Every Other Terrible Thing About Roy Moore
But what’s even more broadly consequential is that Mr. Moore denies the authority of the United States government to legislate at all on this and other issues that he imagines have been decided by God.
He maintains, preposterously, that the religious freedom guaranteed by the First Amendment is solely intended to protect Christians and Christianity.
He doesn’t merely oppose Muslim candidates. He once said that non-Christians like Keith Ellison had no right to hold elective office. “The Islamic faith rejects our God,” he said. “Ellison cannot swear an oath on the Quran and an allegiance to the Constitution at the same time.”
Mr. Moore pretends to admire the Constitution, yet he treats it with disdain. He has been removed from office not once, but twice, for refusing to comply with orders from the United States judiciary.

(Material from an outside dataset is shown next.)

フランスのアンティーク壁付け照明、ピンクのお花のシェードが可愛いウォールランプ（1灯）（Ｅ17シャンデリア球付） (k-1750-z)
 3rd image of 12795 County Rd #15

He believes that God’s law (as he sees it) trumps the Constitution every time.
That is what it means to be a theocrat, and that is why some of the most outspoken theocrats in America love Roy Moore. We need to take a close look at the kind of people hoping to ride Roy Moore’s coattails to power.
One of Mr. Moore’s staunchest allies is Janet Porter, a radio personality and anti-abortion activist. Ms. Porter hosted last week’s news conference in support of his flailing candidacy, which seemed more like a religious revival than a political event. “I’m glad you got more church than you probably had in the last 10 years,” she told the assembled press corps.
Ms. Porter used the language of Dominionists when she organized a prayer rally in 2010 to “repent on how we have turned against God in every area of influence: 1) business, 2) government, 3) media, 4) arts and entertainment, 5) education, 6) the family, and 7) religion, and invite God back into each one.” She wants to impeach Supreme Court justices for legalizing same-sex marriage.